Bahdlahn paused for a long while, looking back and forth from the receding Julian to Palmaris behind him.
He finally nodded and smiled with admiration for the old woman who had given her life for the chance of stabbing one of these merciless conquerors. Yes, he thought, better that than cowering in the quiet darkness until the macana fell, and he hoped that he would die as bravely.
“So be it.”
21
HIGH PRIESTESS OF TONOLOYA?
Tuolonatl stood on the field outside a newly conquered town, looking up a long hill of grass and wind-flattened rocks to the retreating crowd of people. Atop that hill sat another human temple. St. Gwendolyn, it was called—or, more completely, St. Gwendolyn-by-the-Sea.
By the sea.
The monastery was built atop a cliff, and behind it was a drop of hundreds of feet to the black stones thrumming under the unceasing crash of waves.

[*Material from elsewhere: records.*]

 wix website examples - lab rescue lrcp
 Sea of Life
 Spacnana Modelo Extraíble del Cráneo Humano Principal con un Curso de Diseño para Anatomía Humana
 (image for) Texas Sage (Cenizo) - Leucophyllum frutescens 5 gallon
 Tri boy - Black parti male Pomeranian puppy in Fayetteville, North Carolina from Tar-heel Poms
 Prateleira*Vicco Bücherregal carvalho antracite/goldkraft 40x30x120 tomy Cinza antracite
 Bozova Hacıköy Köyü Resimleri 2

The xoconai had crossed the continent. Before them, in this region called the Mantis Arm, lay the easternmost beaches. Far out beyond the waves, the sun would rise on Tonoloya, then it would climb into the sky, cross thousands of miles, and go behind a different sea on Tonoloya’s western beaches.
Greater Tonoloya was right here, before them, ready to be seized.

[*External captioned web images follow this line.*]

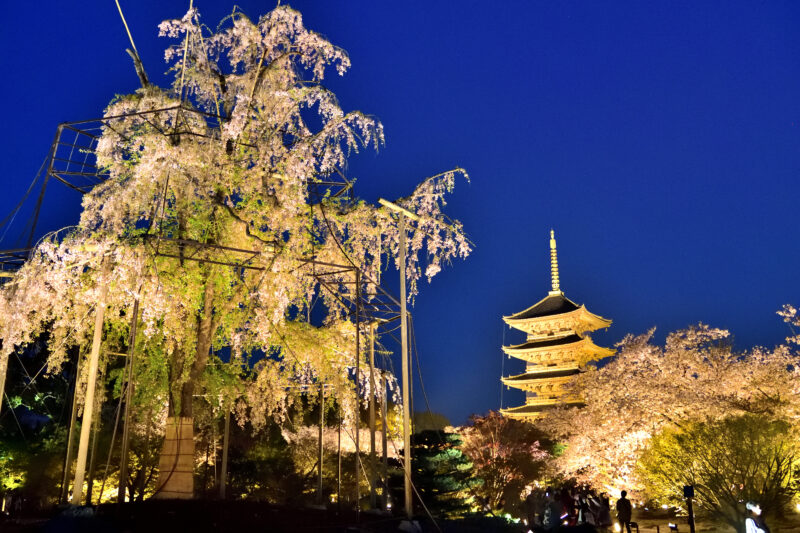 東寺 京都 の不二桜の見頃や21年開花状況は 見どころやアクセスは そらいろ 日本が魅せる多彩な表情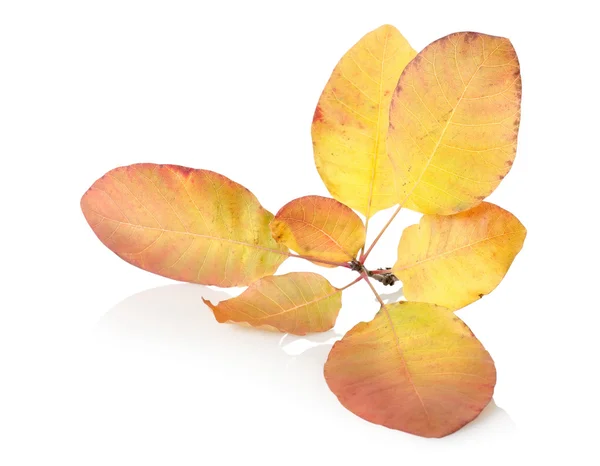 Υποκατάστημα με Φθινοπωρινά φύλλα — Φωτογραφία Αρχείου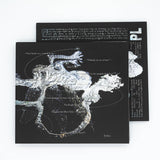Guixine // Woodland Fantasies CD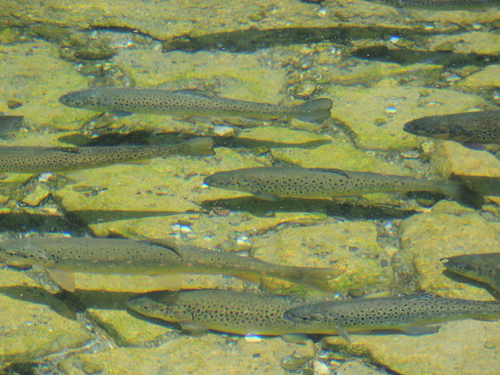 Ohrid trout (Salmo letnica) — Salmonidae — 3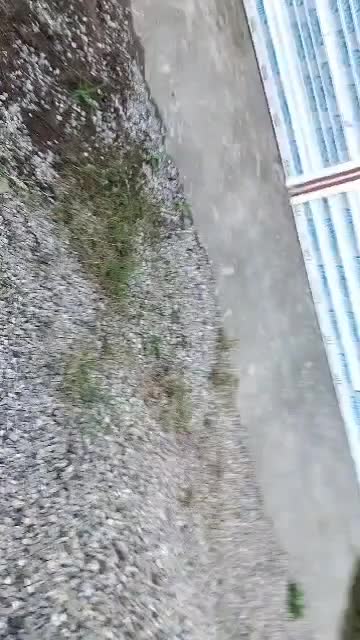 اجاره مغازه|اجارهٔ مغازه و غرفه|رضوانشهر, |دیوار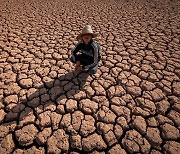 [한컷의울림] 기후변화의 저주.. 모로코 40년래 최악 가뭄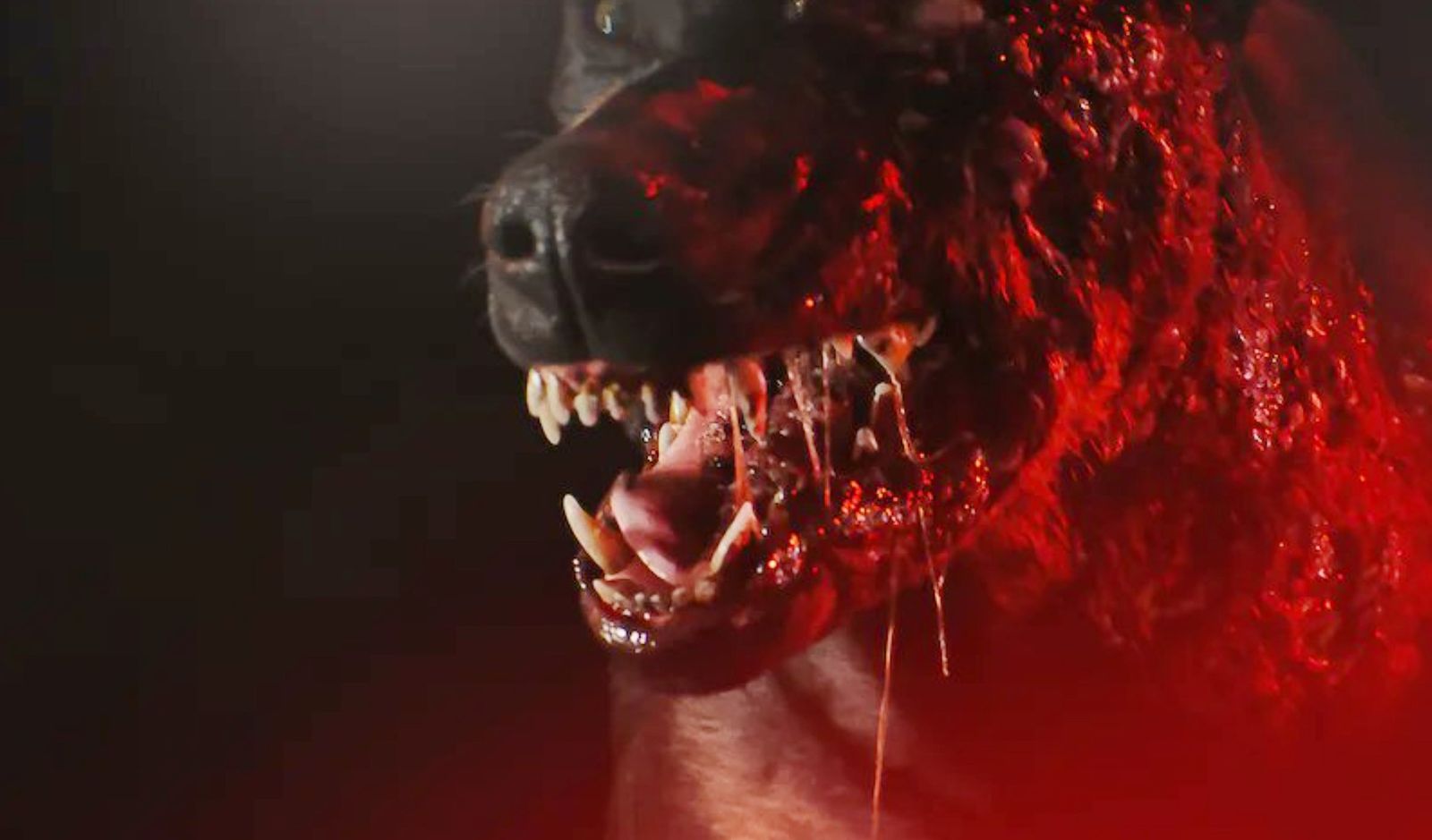 Resident Evil Season 1 monster dog
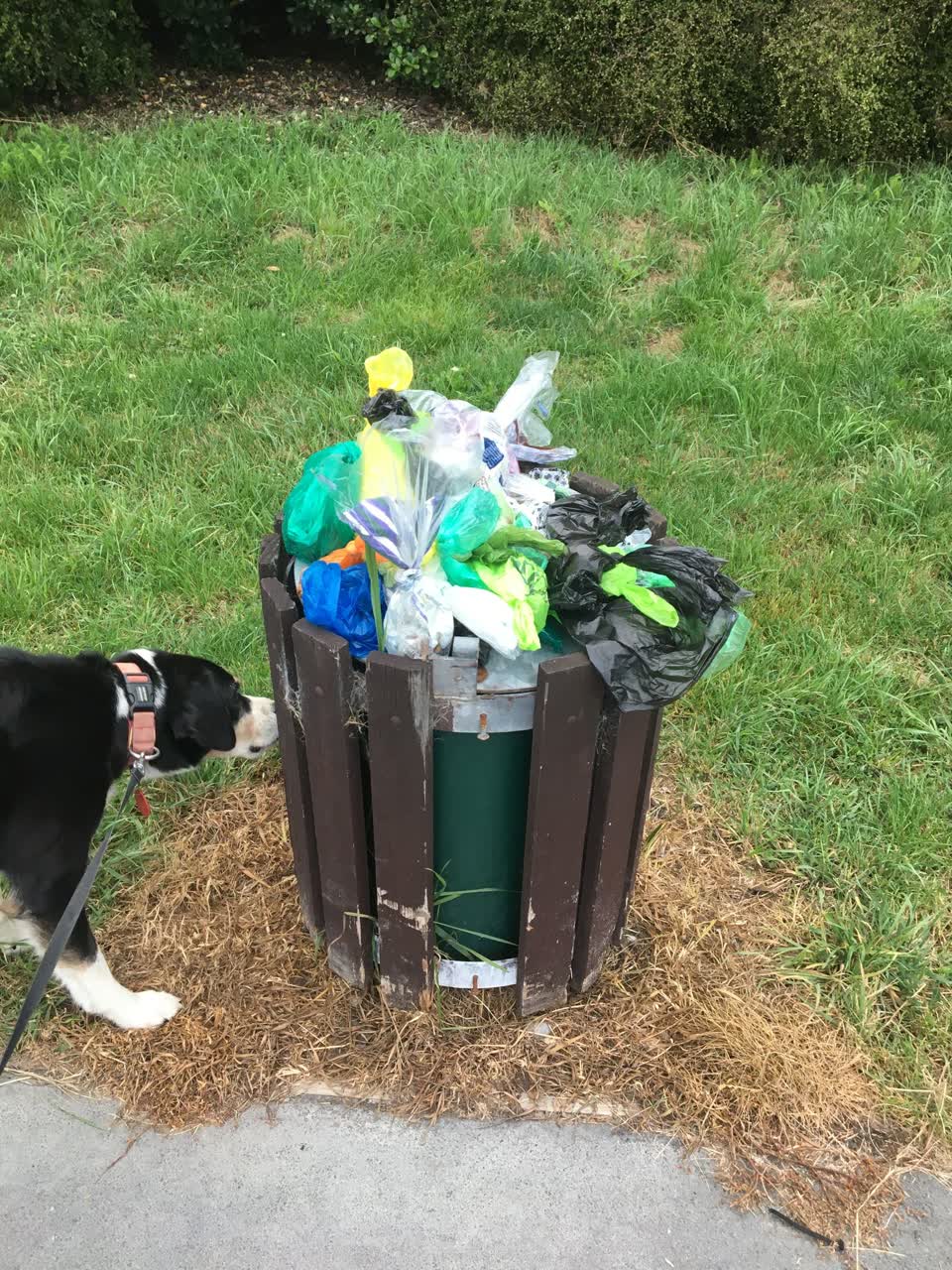 The photograph attached to this rubbish/recycling report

The woman could feel the stare of angry Pixquicauh behind her—she could hear him chewing his lip behind his xoconai skull condoral. Oh yes, he was mad at her, outraged, because she had held back her mundunugu, who could have ridden their cuetzpali up that hill and caught and slaughtered the fleeing humans.

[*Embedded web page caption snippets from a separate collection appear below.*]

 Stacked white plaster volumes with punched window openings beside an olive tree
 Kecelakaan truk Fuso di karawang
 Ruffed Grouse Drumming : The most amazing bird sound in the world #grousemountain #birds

“Where will they run?” she had told him, to calm his ire. Part of her hesitancy was strategic—hundreds of refugees would put great pressure on the priests within that monastery, and Tuolonatl
knew recent history well enough to realize that any advantage they might gain over these magic-wielding priests was worth pursuing.
She was still watching the retreat, the last of the fleeing humans disappearing into the huge structure, which more resembled a castle than the giant fortress they had encountered in the northwest, when she heard the cries behind her announcing the arrival of Scathmizzane and Kithkukulikhan.
The woman warrior grimaced, thinking Glorious Gold would send her army charging for the isolated temple. She had no doubt that she could defeat this one—it was nowhere near the size of St.-Mere-Abelle, and she had fifty thousand warriors on the field here. But the price would likely be disproportionately high if these priests were anywhere near as adept with magic as those they had left trapped in their walls at that other monastery.
She rubbed her chin, turned to Ataquixt and winked, and then climbed up on Pocheoya. She turned the horse about, pacing slowly to join Pixquicauh and the others on the edge of the area being cleared of warriors so that the dragon might land.
Scathmizzane was dismounting even as the dragon touched down, striding immediately toward his high priest and commander and growing smaller with each step, so that by the time he arrived right before the two, he was barely twice the height of an average xoconai, standing just tall enough to stare the mounted Tuolonatl in the eye.
“Many escaped,” Pixquicauh told Glorious Gold. “We could have caught them on the field, but they ran into the temple.” He half turned, staring hard at Tuolonatl as he did, and lifted his arm out toward the distant St. Gwendolyn.
“They have nowhere to run,” Tuolonatl said. “We can force a full surrender with only a single divine thrower. This temple cannot withstand such a barrage.”
“We have no divine throwers here!” the high priest yelled at her.
“Then bring one,” she replied, sternly and strongly.
Pixquicauh turned to Scathmizzane. “You have demanded deaths,” he said. “Many deaths. A thousand more could now lie dead before us!”
“It is too late,” Scathmizzane said.